• **WORK ITEM**
Your copy of the listing should match it exactly, only without pictures.

• **MATERIAL PROVIDED**
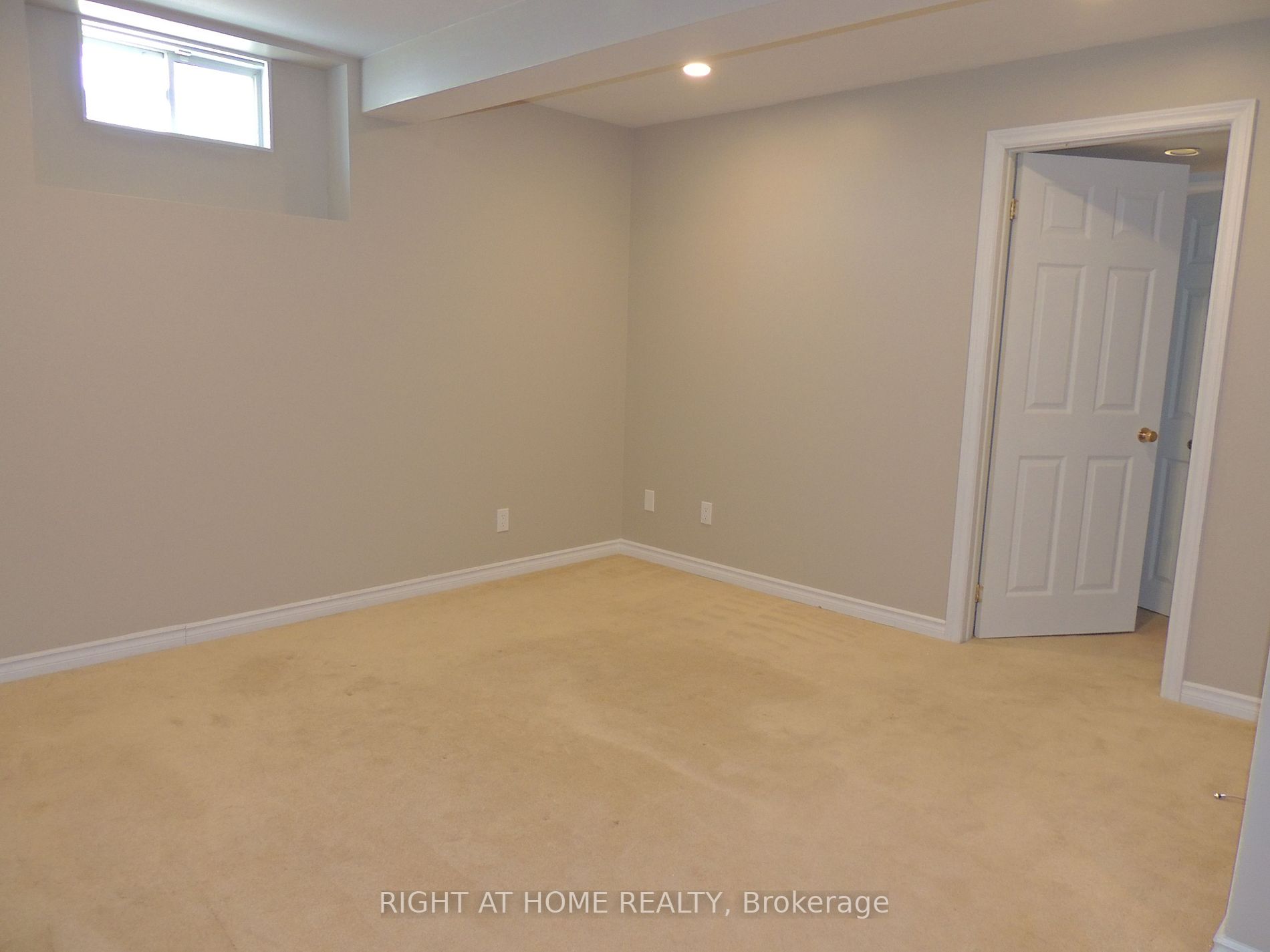 46 Lougheed Rd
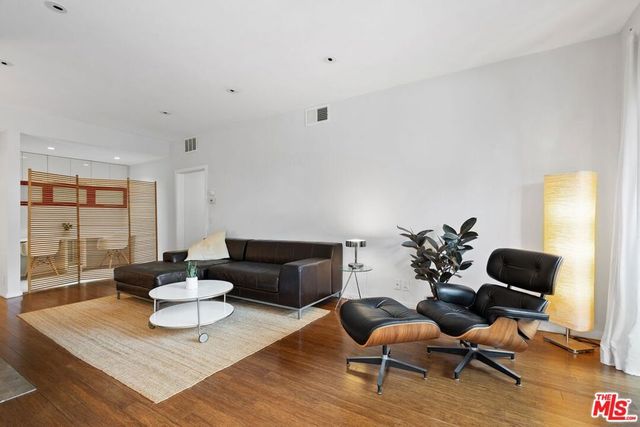 306 Bora Bora Way 202, Marina Del Rey, CA 90292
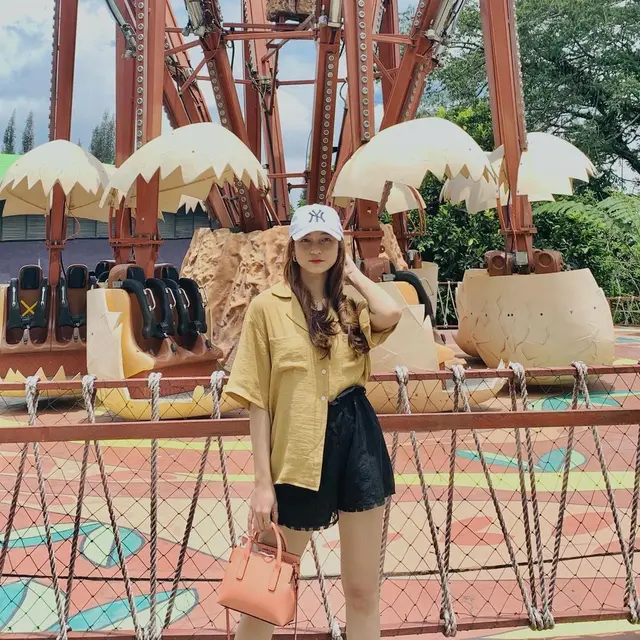 6 Potret Shella Anggia Pemenang Miss Celebrity 2023,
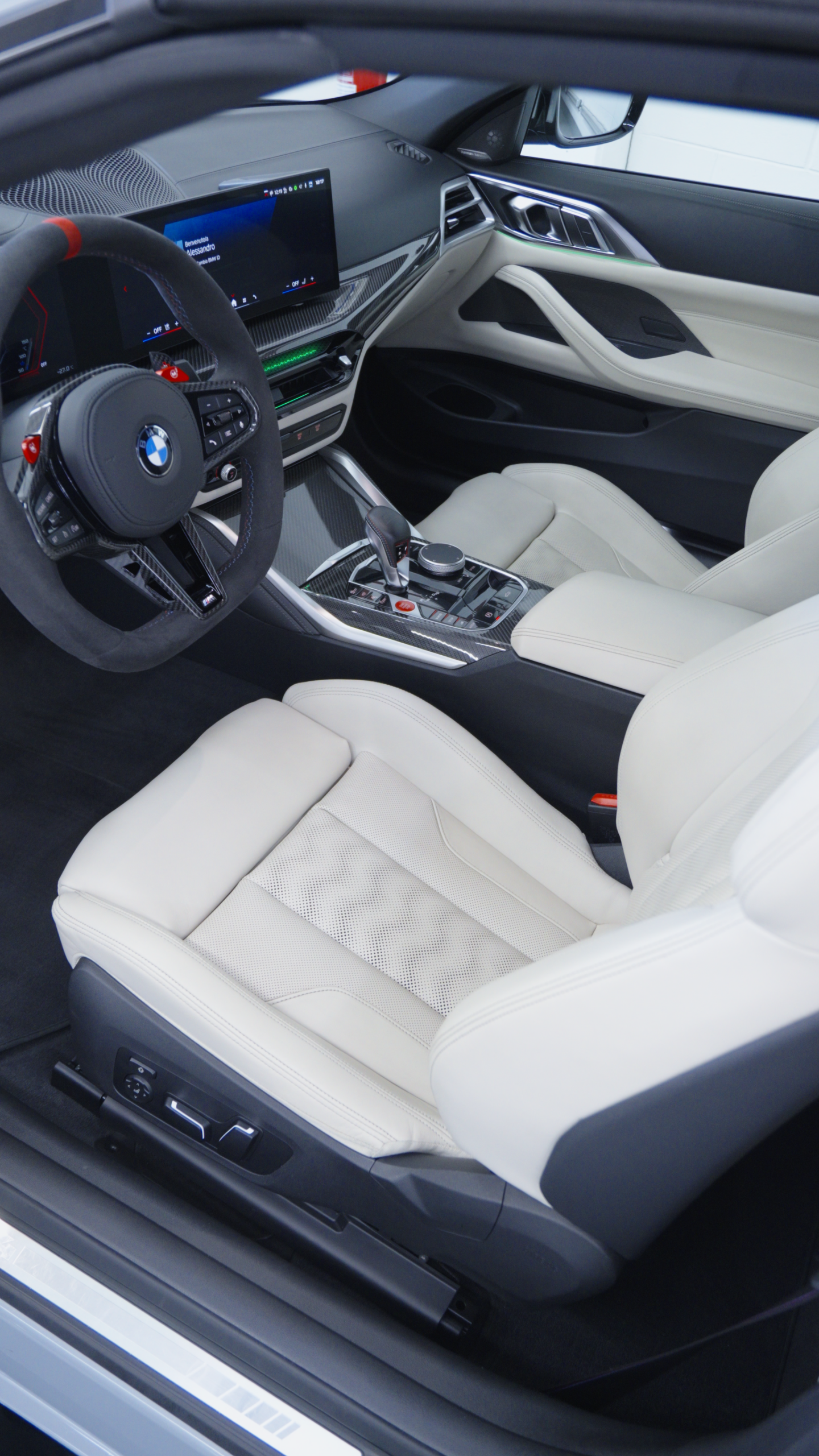 BMW M4 – interni dopo la pulizia completa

• **RESPONSE AREA**
 46 Lougheed Rd
 306 Bora Bora Way 202, Marina Del Rey, CA 90292
 6 Potret Shella Anggia Pemenang Miss Celebrity 2023,
 BMW M4 – interni dopo la pulizia completa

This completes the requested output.